Outre une programmation plus internationale et éclectique, ces nouveaux lieux de fête ont renforcé les contrôles d’identité. « Si on voit un groupe de dix mecs, bourrés et habillés en chemise, on sait qu’ils n’ont rien à faire là ! », déclare le DJ français. Ce samedi soir à l’Arzenál, c’est une soirée KINK, le diminutif de « kinky sex », autrement dit « sexualité hors norme » avec un dress code cuir et latex. Les photos et vidéos sont interdites dans cette ancienne usine reconvertie pour que chacun se sente libre, mais aussi pour ne pas que la soirée s’ébruite. « La scène a changé. On est plus proche des standards berlinois. On voit se mélanger des touristes, venus du monde entier pour la musique, et des Hongrois », poursuit CRB, le nom de scène de Clément Carrabin.
Se réinventer… quitte à changer de clientèle
Certains font malgré tout le choix de rester dans le centre de Budapest. Pas de vieilles bâtisses en pierre, mais des rooftops qui offrent une vue sur toute la ville. Sur la douzaine présents dans la capitale hongroise, le 360 Bar propose deux expériences : l’hiver, le bar monte des « igloos », des bulles sur son toit pour accueillir ses clients dedans. L’été, pas de bulles, mais des DJ qui viennent pour mixer sur la terrasse du bâtiment. Les cocktails sont plus chers qu’ailleurs en ville — entre 6 et 8 euros — et le lieu propose aussi de la restauration. Ce mélange permet d’attirer une clientèle plus classe, qui vient pour la qualité plutôt que la quantité.

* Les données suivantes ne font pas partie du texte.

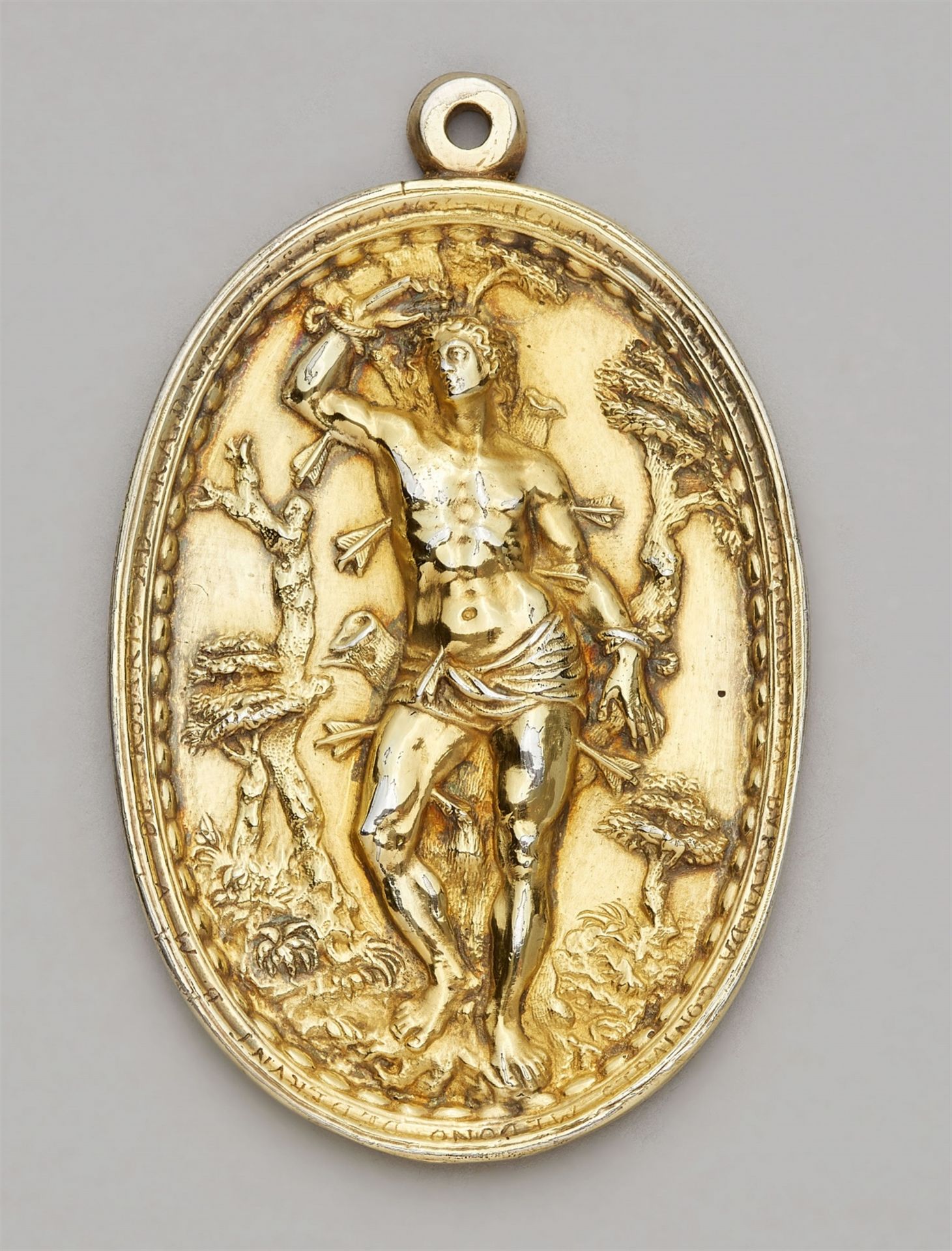 A silver plaque with Saint Sebastian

Dans le même style, les « beer garden » se sont développés ces dernières années. Il s’agit de bars en plein air, où l’on peut acheter des bières, des bouteilles de vin — compter une grosse dizaine d’euros —, de la nourriture, le tout en s’installant sur des tables ou bien directement dans l’herbe. Ouvert en 2016, le Zsiráf est situé à côté de la gare de Budapest-Nyugati, la deuxième plus grande de la ville. Autour, pas de voisins qui pourraient être dérangés, seulement des immeubles de bureaux. Comme pour les autres bars de la ville, le Zsiráf ferme à 2 heures du matin le week-end. Ici, contrairement aux bars ou boîtes traditionnels, les jeunes actifs remplacent les adolescents : la tranche d’âge tourne entre 25-30 ans, contre 20-25 ans pour les autres. Les clients, pour la plupart en chemise, viennent faire la fête sur les soirées à thèmes organisées par le lieu : musique latine le mercredi et musique électronique le samedi. L’ambiance est bon enfant et, à l’inverse des lieux prisés par les touristes en manque d’alcool, pas de vomi à déclarer.
Après 10 années de no-limit, la ville et ses habitants ne veulent plus avoir de haut-le-cœur. Si l’évolution du tourisme va encore prendre du temps, une chose est sûre : les fêtards assoiffés ne sont plus les bienvenus à Budapest.